▸ **Recorded information**:
————————

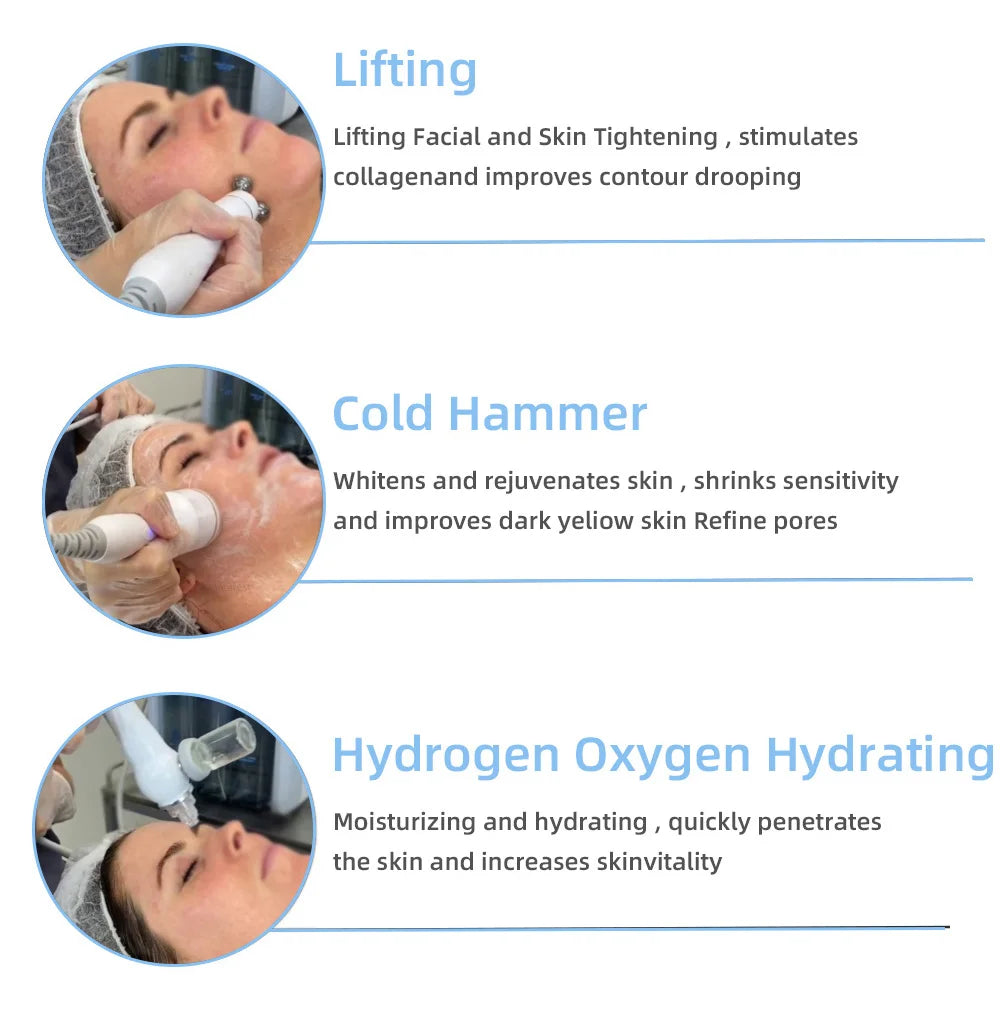 7 in 1 Small Bubble Deep Pore Cleaning Facial Cleansing Machine H2 O2 Hydra Dermabrasion Peel Oxygen Jet Beauty Equipment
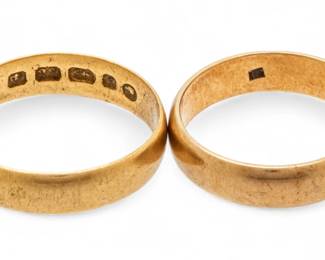 Lot 60 | 14K & 22K Yellow Gold Ring Bands 5 g 2 PCS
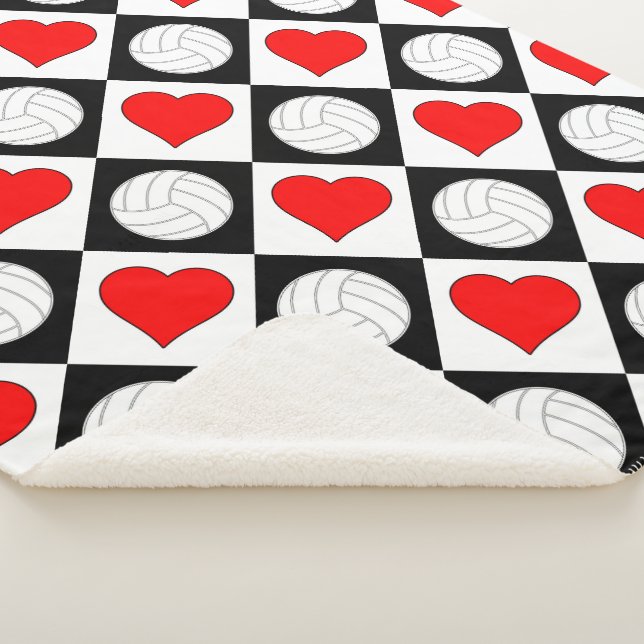 Volleyballs & Hearts Cute Chequered Pattern Warm Sherpa Blanket (3/4)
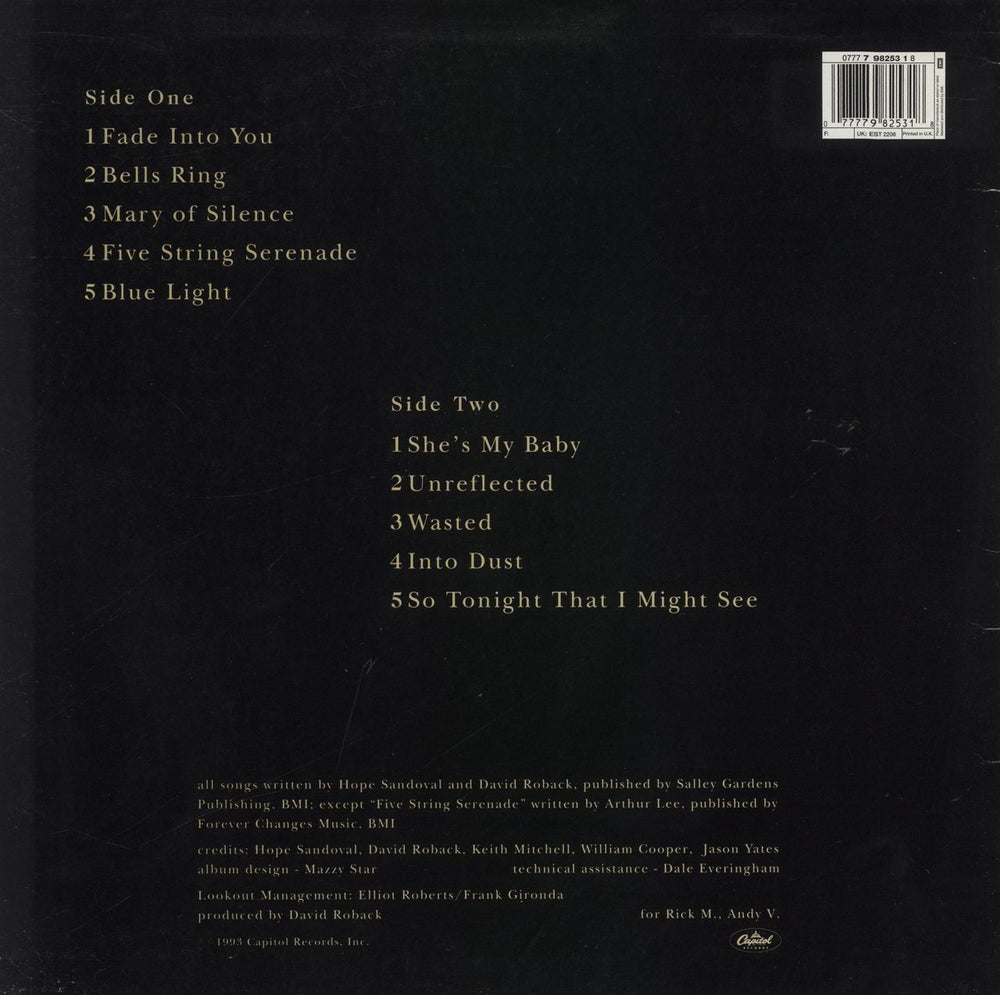 Mazzy Star So Tonight That I Might See - EX UK vinyl LP album (LP record) 077779825318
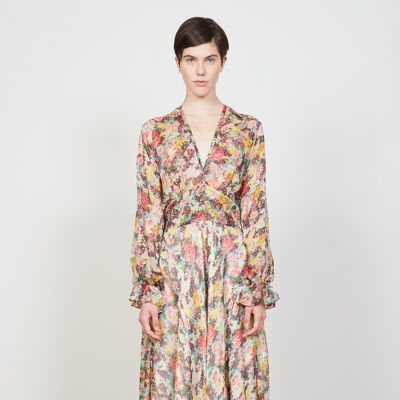 Long silk crepe dress with floral print
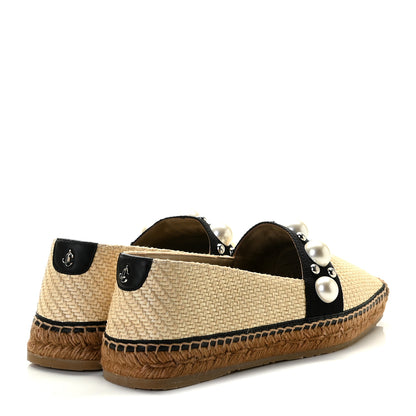 Jimmy Choo Raffia Embellished Dru Espadrilles 38.5 Beige 4 of 9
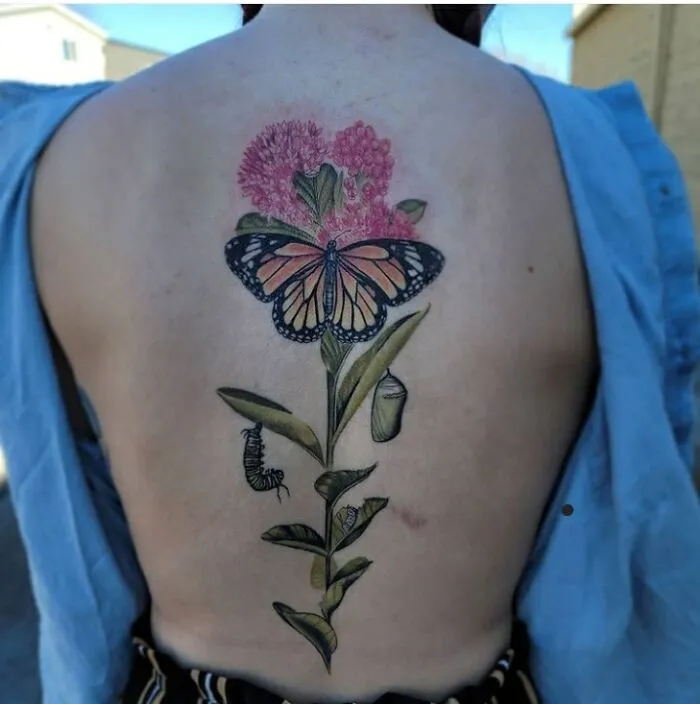 The Butterfly And Below Were Done In December, And The Flowers Were Done Today. All By Anthony Van Stratten At Eye Candy Tattoo In Omaha, Ne
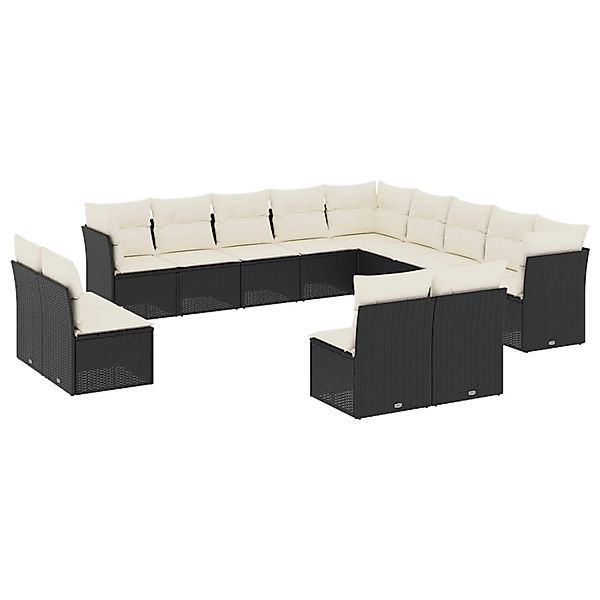 vidaXL 13-Tlg Garten-Sofagarnitur mit Kissen Schwarz Poly Rattan 3218486 günstig online kaufen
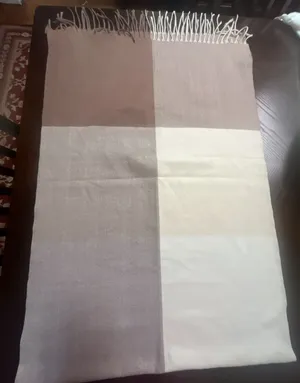 Cashmere - Firenze - Brown and Beige Colorblock Pattern Fringe Scarf thumbnail 3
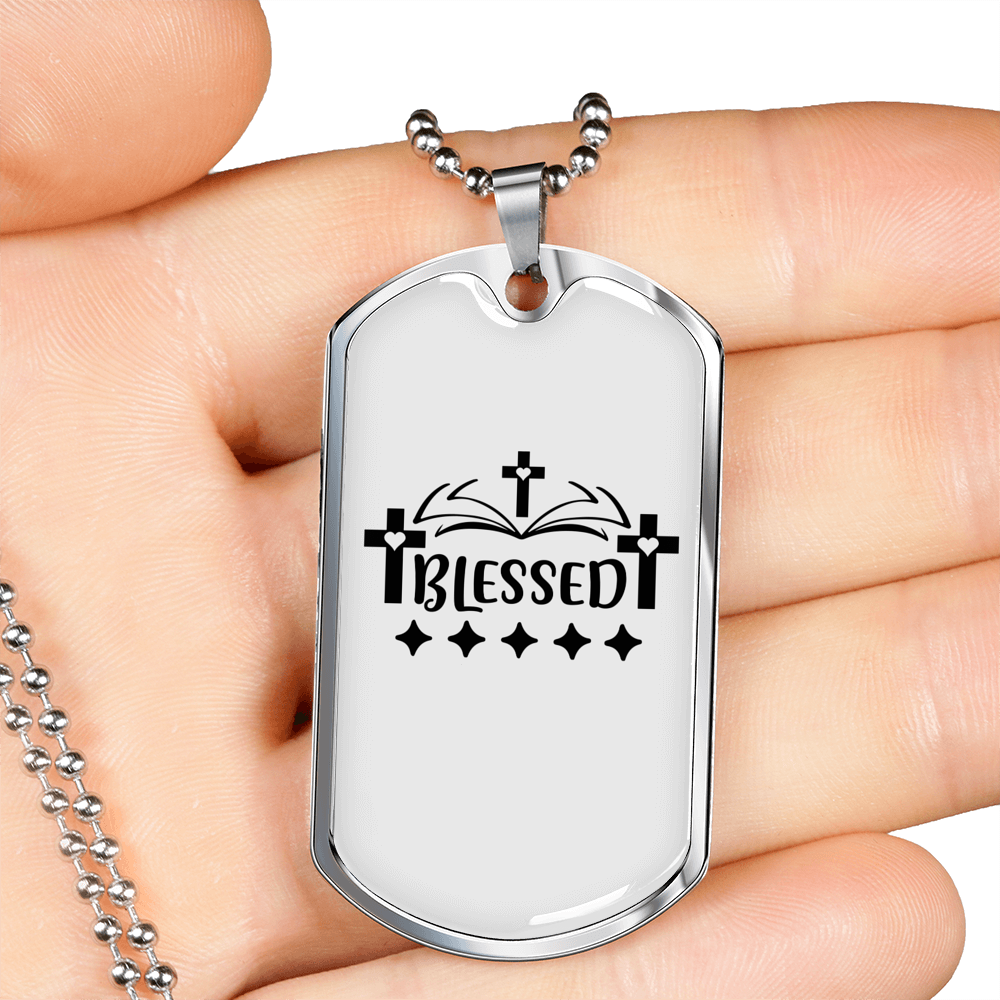 Blessed Necklace Stainless Steel or 18k Gold Dog Tag 24" Chain-Express Your Love Gifts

————————

▸ **Directions for this task**: In your copy of the entries above, keep the text exact and leave out the pictures.

▸ **Your solution**:
 7 in 1 Small Bubble Deep Pore Cleaning Facial Cleansing Machine H2 O2 Hydra Dermabrasion Peel Oxygen Jet Beauty Equipment
 Lot 60 | 14K & 22K Yellow Gold Ring Bands 5 g 2 PCS
 Volleyballs & Hearts Cute Chequered Pattern Warm Sherpa Blanket (3/4)
 Mazzy Star So Tonight That I Might See - EX UK vinyl LP album (LP record) 077779825318
 Long silk crepe dress with floral print
 Jimmy Choo Raffia Embellished Dru Espadrilles 38.5 Beige 4 of 9
 The Butterfly And Below Were Done In December, And The Flowers Were Done Today. All By Anthony Van Stratten At Eye Candy Tattoo In Omaha, Ne
 vidaXL 13-Tlg Garten-Sofagarnitur mit Kissen Schwarz Poly Rattan 3218486 günstig online kaufen
 Cashmere - Firenze - Brown and Beige Colorblock Pattern Fringe Scarf thumbnail 3
 Blessed Necklace Stainless Steel or 18k Gold Dog Tag 24" Chain-Express Your Love Gifts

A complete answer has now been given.